Saturday, May 23, 2015

ARE WE THERE YET?

Luke 15:20 While he was still a long way off, his father saw him and was filled with compassion for him.

          Jesus' parable of the lost son in Luke chapter 15 can be read in a larger context than the redemption of the individual. In this parable Jesus has retold the story of the whole human race, and promised nothing less than hope for the world. In the parable, the younger brother goes off into a distant country expecting a better life but is disappointed. He begins to long for home, remembering the food in his father's house. So do we all.

          "Home" exercises a powerful influence over human life. Many people have fond memories of times, people and places we called home. However, if we ever have an opportunity to get back to those places, we are usually disappointed. Home is a powerful and elusive concept.

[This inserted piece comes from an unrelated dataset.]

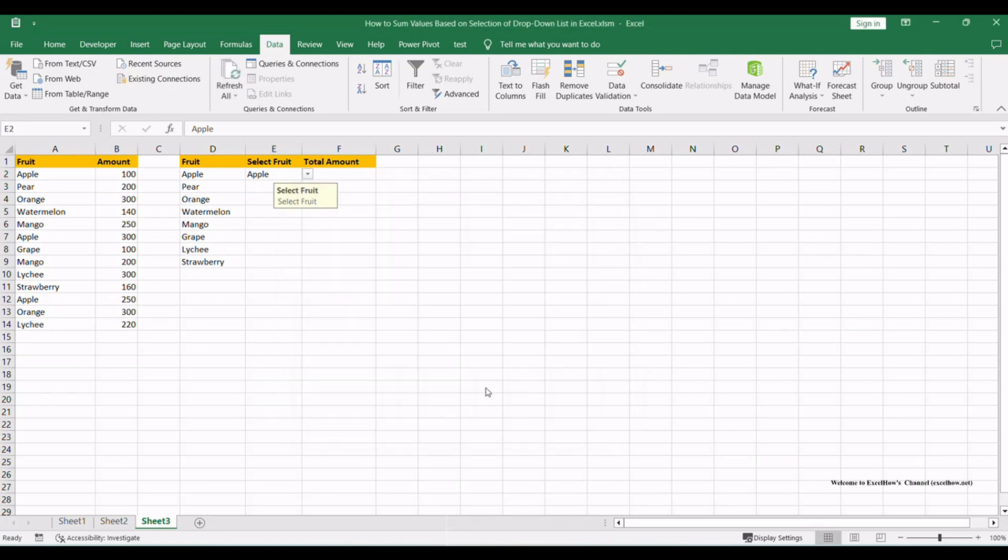Click on E2. Verify that Select Fruit message pops up. Select a fruit in the drop-down list, for example Orange.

          "Home," Robert Frost famously said, "is where, when you have to go there, they have to take you in." The younger brother, however, knows that a successful return is not inevitable. Why? His sins have created a barrier and he does not know how that wall can be breached. He knows he might be rejected and stay in exile.

          Jesus had not come to simply deliver one nation from political oppression, but to save all of us from sin, evil and death itself. He came to bring the human race "Home." He came and experienced the exile that we deserved. Unlike the founder of any other major faith, Jesus holds out hope for ordinary human life. There will be a homecoming. Our future is not an ethereal, impersonal form of consciousness. We will not float through the air, but rather will eat, embrace, sing, laugh and dance in the kingdom of God, in degrees of power, glory and joy that we can't at present imagine.

          Jesus will make the world our perfect home again. We will no longer be living "east of Eden," always wandering and never arriving. We will come, and the Father will meet us and embrace us, and we will be brought into the feast.